> **Supplied information**:
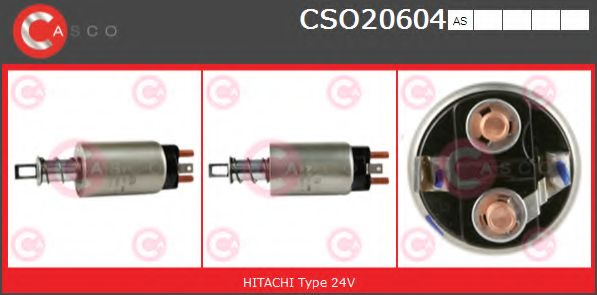 Тяговое реле, стартер CASCO CSO20604AS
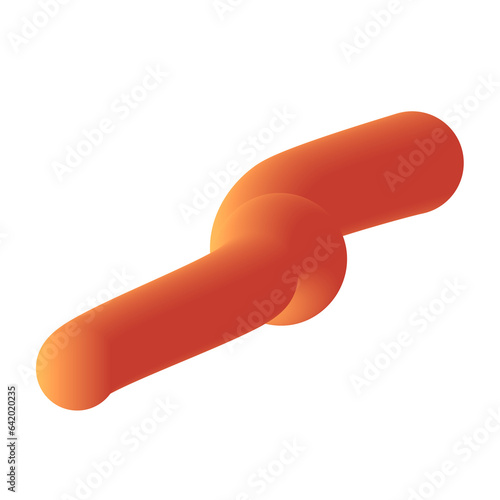 3D Gradient Squiggly Line Shape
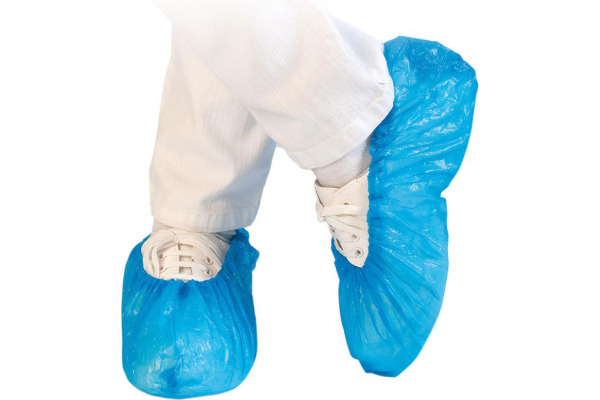 HYGOSTAR Überschuhe CPE 40my 41cm 7905.9 blau CPE40my 100 Stück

> **Exercise brief**:
Please restate the material word for word; the pictures stay out.

> **Task answer**:
 Тяговое реле, стартер CASCO CSO20604AS
 3D Gradient Squiggly Line Shape
 HYGOSTAR Überschuhe CPE 40my 41cm 7905.9 blau CPE40my 100 Stück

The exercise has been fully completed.